Bad situation. Things were not good there before the quake. They have a whole bunch of paratroopers down there doing all they can. If anyone can get a tough job done it's these guys even though it is not their true mission:


----------



## 3.1415926 (Jan 21, 2010)

I hope the people in Hati are not treated the same way Iraqi civilians are treated.

Hati already had post colonial poverty and gangsters, one of the most dangrous countries.

dangrous places map


----------



## PhilinYuma (Jan 21, 2010)

10dor1fro32 said:


> I hope the people in Hati are not treated the same way Iraqi civilians are treated.Hati already had post colonial poverty and gangsters, one of the most dangrous countries.
> 
> url="http://comebackalive.com/site3.php?page_id=9"]dangrous places map


It seems that you are trying to make some kind of political statement here about Haiti, but what do you mean by "post colonial poverty"? Haiti achieved independence in 1804, less than 28 years after the United States, 17 years before Mexico, 106 years (or 127, depending on who is keeping score) before S. Africa, and 182 years (again, depending) before Australia. Surely, it is somewhat extreme to blame their poverty on the British or French, however badly those nations behaved in the late C18?

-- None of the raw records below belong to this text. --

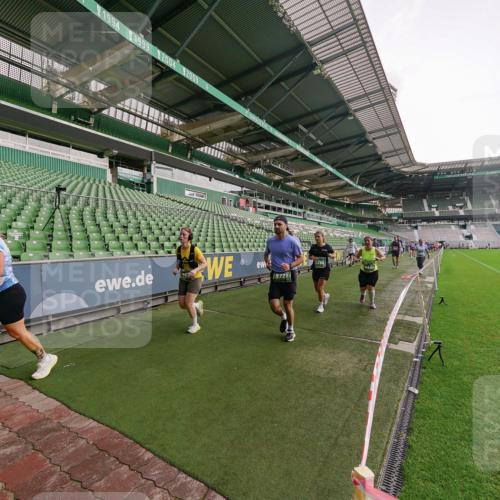 13.09.2026 - 21. swb-Marathon Bremen Michael Burmester http://msf.ph/oto/10330977 13.09.2026 13:37:04 Laufen im Stadion 360, 410, 421, 444, 491, 590, 657, 756, 799, 971, 1015, 1132, 1135, 1279, 1432, 1620, 1726, 1734, 1762, 1887, 1934, 1951, 2060, 2078, 2227, 2578, 2639, 2688, 2772, 2842, 2892, 2933, 2939, 3161, 3169, 3178, 3299, 3303, 3408, 3427, 3463, 3472, 3498, 3499, 3555, 3570, 3573, 3588, 3640, 3646, 3731, 3779, 3801, 3839, 3919, 3985, 3992, 3993, 4084, 4145, 4210, 4252, 4416, 4464, 4538, 4801, 4845, 4939, 5034, 5145, 5166, 5182, 5210, 5332, 5461, 5536, 5679 meine-sportfotos.de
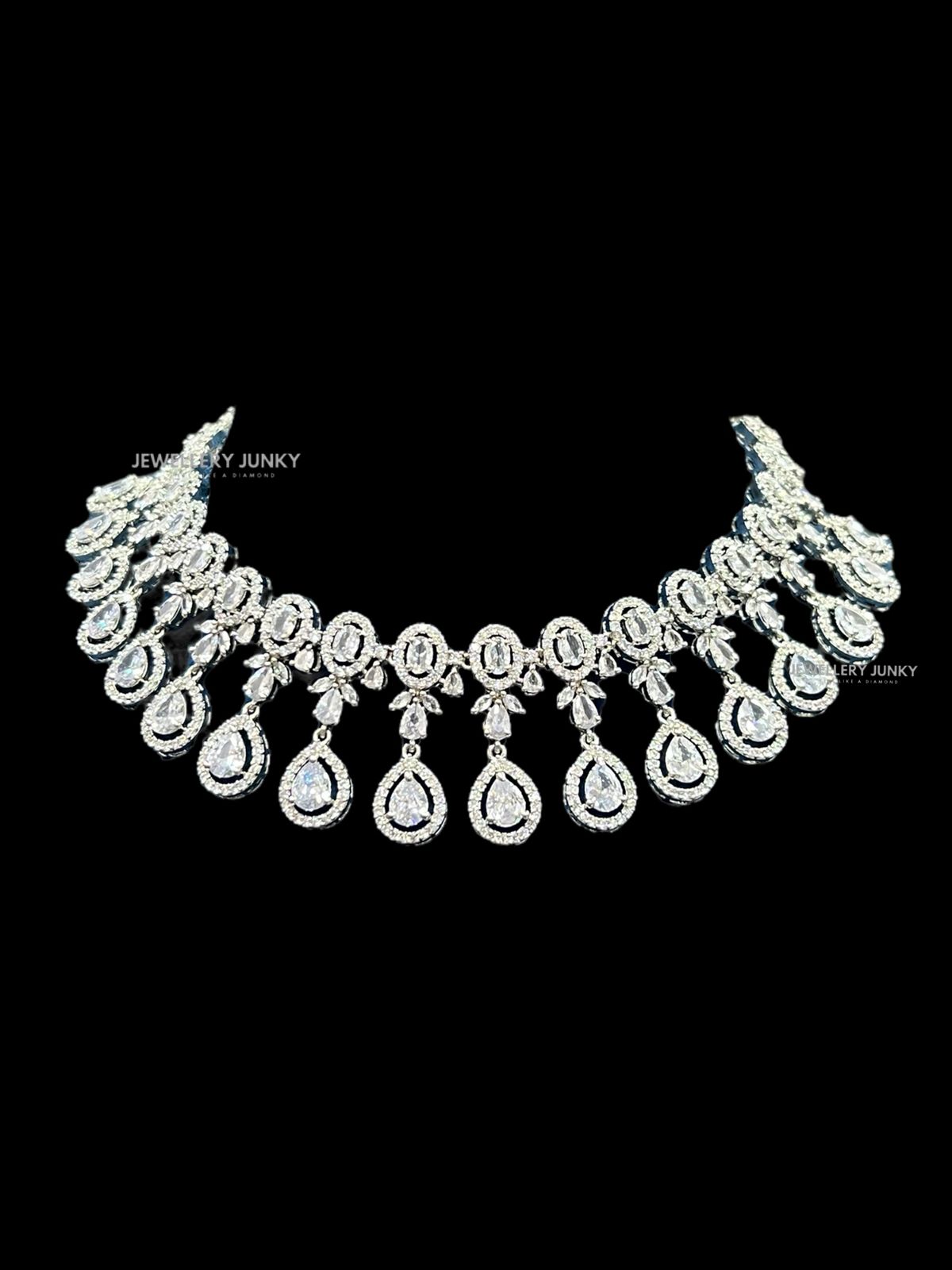 GRISHA DIAMOND NECKLACE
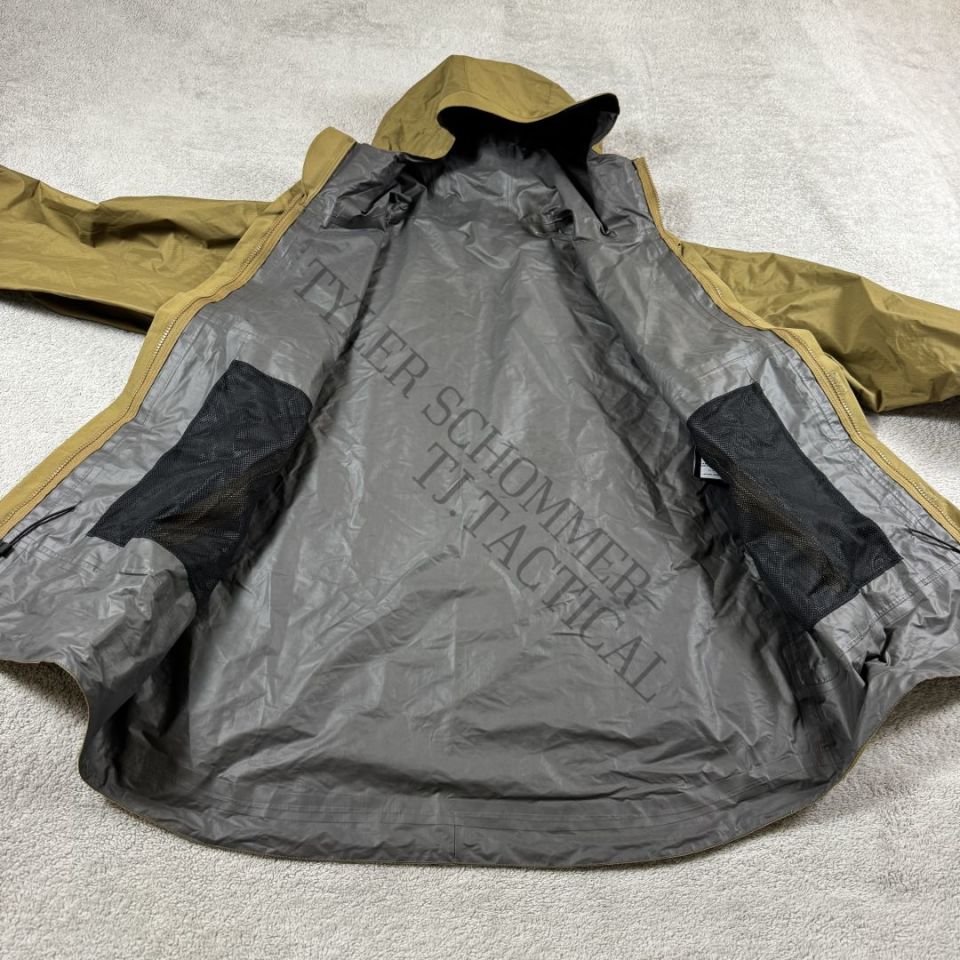 Image 3 - Beyond L6 Goretex Jacket Large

What Haitians need right now, is money to help them get back on their feet. Chicago radio stations were taking donations today, and I donated a few bucks. How about you?


----------



## 3.1415926 (Jan 23, 2010)

Im just saying Hait alredy had enough problems


----------



## massaman (Jan 25, 2010)

yep haiti does have its problems but so does the United States and well putting my money in the U.S as we have alot of problems in our own country that need to be solved and there is plenty of poor and suffering as well!


----------